As ideias fundamentais que atravessam
esta obra não são de Spengler, e eram difusamente apercebidas na
época; as referências do autor são Goethe e Nietzsche, e afirma
ter dado uma visão panorâmica do que neles aparecia como uma
perspectiva fugaz. A novidade de A Decadência do Ocidente
está contida em três grandes linhas suportadas pelo método
comparativo: a visão cíclica da História, por oposição à
habitual visão linear do progresso ilimitado; o conceito de “símbolo
máximo” que domina cada uma das grandes culturas inscritas nestes
ciclos e que determina as artes, as ciências, a tecnologia, a
política e a religião; e, por fim, a noção da Alta Cultura como
um organismo vivo, que nasce, desenvolve-se, floresce, e depois
degenera e morre. Acresce a isto – e foi sobretudo neste ponto que
se gerou a polémica – o enquadramento da contemporaneidade na fase
final do ciclo histórico. Porém, longe de defender um
posicionamento fatalista ou de resignação que alguns lhe quiseram
atribuir, Spengler considerava que os seus contemporâneos deviam
aproveitar as enormes oportunidades que ainda estavam disponíveis.
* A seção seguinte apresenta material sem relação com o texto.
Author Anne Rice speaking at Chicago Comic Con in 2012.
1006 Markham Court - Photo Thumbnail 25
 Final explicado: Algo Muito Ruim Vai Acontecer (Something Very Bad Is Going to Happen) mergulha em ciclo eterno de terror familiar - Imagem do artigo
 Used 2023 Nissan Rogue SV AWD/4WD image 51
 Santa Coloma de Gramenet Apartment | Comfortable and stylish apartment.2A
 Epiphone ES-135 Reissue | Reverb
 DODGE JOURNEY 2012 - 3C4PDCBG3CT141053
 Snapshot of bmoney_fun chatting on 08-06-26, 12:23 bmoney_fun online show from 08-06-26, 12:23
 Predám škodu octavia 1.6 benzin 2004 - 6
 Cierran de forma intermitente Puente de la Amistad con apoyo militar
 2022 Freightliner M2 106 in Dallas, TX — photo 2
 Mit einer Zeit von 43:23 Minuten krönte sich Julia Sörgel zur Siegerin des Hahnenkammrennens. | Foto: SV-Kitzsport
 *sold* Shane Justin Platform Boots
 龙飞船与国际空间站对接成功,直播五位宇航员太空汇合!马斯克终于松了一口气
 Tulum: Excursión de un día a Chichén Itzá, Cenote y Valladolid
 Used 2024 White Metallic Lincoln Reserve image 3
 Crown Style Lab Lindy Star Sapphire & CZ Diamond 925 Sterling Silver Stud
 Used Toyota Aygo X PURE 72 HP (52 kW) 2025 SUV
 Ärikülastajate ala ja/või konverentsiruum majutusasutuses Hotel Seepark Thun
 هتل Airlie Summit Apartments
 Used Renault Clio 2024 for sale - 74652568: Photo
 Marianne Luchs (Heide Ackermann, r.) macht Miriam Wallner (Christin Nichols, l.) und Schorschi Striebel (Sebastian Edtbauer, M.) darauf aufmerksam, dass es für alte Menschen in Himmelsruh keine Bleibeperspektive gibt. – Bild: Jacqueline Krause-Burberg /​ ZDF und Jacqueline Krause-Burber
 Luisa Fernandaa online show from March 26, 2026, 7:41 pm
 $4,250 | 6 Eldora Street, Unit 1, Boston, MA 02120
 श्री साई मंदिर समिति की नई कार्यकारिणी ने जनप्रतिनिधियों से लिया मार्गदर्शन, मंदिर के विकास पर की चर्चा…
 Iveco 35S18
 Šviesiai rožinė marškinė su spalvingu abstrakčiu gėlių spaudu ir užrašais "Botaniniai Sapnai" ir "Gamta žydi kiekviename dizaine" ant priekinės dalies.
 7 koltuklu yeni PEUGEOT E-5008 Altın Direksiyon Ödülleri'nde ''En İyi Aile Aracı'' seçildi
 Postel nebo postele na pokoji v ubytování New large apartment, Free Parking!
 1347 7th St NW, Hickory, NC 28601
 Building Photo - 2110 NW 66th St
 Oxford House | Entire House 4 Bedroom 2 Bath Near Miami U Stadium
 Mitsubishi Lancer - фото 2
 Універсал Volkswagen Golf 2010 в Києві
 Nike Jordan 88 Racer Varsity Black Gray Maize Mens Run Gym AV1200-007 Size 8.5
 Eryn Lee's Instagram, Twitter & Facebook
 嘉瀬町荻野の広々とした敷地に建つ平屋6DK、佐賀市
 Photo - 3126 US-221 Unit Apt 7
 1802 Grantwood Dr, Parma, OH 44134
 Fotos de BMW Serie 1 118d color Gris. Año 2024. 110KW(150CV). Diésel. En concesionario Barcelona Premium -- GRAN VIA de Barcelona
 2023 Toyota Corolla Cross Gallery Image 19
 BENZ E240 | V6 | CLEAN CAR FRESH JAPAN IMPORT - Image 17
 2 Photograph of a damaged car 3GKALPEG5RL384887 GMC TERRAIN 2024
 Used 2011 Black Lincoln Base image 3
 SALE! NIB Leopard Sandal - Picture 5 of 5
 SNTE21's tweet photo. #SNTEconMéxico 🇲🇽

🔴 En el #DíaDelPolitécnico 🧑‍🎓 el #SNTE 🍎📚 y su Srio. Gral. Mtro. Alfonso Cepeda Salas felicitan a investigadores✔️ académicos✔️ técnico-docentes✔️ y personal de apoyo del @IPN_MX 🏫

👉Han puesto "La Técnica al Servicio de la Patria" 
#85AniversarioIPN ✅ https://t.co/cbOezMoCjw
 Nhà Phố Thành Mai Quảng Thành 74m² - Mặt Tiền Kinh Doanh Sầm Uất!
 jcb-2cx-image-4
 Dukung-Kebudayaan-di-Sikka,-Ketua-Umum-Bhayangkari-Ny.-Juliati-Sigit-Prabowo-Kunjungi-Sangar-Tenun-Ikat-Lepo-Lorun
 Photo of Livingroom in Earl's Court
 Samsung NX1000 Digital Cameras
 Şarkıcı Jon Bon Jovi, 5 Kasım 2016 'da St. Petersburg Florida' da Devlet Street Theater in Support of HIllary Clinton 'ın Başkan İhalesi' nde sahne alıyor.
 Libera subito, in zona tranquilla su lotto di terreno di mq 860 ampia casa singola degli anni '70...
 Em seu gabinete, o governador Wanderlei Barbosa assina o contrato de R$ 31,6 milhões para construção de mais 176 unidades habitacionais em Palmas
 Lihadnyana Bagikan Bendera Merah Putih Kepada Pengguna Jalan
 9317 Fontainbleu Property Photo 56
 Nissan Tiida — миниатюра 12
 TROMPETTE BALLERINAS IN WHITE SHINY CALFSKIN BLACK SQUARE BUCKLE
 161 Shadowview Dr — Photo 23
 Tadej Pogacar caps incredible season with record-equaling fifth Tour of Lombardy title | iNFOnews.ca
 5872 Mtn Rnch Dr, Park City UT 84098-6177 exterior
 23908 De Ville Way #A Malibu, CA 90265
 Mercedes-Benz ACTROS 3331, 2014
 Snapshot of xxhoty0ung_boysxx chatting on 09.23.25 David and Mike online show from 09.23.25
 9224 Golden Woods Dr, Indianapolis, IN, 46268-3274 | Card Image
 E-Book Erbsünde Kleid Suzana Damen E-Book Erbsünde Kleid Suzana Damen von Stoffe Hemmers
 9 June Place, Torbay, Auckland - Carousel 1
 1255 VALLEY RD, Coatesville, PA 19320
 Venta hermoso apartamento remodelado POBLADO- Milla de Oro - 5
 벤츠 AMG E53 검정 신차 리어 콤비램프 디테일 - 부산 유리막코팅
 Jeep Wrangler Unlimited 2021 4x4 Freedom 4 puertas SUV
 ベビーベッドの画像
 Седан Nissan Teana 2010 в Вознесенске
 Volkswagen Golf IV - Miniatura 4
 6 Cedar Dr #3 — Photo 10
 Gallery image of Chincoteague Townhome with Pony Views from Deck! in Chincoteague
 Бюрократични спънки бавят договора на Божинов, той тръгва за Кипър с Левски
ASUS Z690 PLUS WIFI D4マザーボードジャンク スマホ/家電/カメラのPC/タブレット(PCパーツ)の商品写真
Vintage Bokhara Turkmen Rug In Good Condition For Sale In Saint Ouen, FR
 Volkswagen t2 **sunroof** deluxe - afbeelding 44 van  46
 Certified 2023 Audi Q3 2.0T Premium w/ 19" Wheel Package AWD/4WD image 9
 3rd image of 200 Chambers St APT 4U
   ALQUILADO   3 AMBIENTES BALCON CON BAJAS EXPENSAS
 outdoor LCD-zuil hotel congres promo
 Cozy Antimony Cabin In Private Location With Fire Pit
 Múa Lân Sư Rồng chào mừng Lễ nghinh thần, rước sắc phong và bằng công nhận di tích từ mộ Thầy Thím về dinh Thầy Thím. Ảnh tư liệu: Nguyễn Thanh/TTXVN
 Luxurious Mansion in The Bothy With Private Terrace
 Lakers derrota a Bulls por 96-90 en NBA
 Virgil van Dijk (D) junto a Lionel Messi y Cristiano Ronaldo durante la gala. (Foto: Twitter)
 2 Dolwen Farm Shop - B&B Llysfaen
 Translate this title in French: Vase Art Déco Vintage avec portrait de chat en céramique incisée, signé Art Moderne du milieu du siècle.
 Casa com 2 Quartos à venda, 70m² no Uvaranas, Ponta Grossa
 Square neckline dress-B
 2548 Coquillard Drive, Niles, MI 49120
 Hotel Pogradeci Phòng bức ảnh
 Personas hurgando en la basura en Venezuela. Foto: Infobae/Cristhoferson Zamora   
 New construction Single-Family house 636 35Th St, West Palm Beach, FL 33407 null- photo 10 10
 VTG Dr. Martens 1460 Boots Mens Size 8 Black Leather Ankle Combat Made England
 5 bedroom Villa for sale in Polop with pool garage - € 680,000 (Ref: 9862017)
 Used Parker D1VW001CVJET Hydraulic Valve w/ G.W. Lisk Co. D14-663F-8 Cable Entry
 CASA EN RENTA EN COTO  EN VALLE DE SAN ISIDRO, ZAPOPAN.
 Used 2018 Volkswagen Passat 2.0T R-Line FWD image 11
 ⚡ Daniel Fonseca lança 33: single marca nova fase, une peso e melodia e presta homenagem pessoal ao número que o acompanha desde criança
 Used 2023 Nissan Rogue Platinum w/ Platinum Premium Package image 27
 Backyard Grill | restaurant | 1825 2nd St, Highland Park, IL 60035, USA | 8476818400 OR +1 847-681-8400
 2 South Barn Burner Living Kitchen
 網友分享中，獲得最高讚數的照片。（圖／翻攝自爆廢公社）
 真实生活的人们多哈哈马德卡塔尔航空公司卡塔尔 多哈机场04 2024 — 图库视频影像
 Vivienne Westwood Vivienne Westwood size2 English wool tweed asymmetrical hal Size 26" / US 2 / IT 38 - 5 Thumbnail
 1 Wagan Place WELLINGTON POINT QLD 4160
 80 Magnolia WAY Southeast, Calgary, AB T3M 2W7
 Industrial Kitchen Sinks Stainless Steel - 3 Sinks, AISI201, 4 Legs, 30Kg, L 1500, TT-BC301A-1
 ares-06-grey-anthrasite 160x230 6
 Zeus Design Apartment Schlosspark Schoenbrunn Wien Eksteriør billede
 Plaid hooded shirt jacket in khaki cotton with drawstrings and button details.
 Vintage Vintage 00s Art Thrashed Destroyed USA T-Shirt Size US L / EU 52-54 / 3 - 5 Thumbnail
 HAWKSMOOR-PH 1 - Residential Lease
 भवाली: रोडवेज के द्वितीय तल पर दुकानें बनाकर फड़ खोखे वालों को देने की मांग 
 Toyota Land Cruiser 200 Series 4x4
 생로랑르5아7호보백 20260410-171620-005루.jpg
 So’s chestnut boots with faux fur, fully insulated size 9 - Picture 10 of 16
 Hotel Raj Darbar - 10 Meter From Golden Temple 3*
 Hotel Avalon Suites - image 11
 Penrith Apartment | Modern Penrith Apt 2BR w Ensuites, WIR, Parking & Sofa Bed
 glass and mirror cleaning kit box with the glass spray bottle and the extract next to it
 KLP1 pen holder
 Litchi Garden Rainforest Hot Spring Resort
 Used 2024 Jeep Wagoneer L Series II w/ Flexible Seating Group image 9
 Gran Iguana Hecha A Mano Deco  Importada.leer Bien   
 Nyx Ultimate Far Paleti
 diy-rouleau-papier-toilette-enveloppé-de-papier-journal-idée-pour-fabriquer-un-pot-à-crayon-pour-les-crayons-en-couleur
A Decadência do Ocidente, com
as suas 1300 páginas, é um livro marcante, passível de alterar a
forma como olhamos o mundo. Tematicamente, é muito mais abrangente
do que o título deixa supor (o subtítulo é mais elucidativo:
Esboço de uma Morfologia da História Universal). Esta
versão espanhola foi traduzida do alemão por Manuel García Morente
e tem um prólogo de José Ortega y Gasset.
El coloso pétreo de la
ciudad mundial señala el término del ciclo vital de toda gran
cultura. El hombre culto, cuya alma plasmó antaño el campo, cae
prisionero de su propia creación, la ciudad, y se convierte entonces
en su criatura, en su órgano ejecutor y finalmente en su víctima.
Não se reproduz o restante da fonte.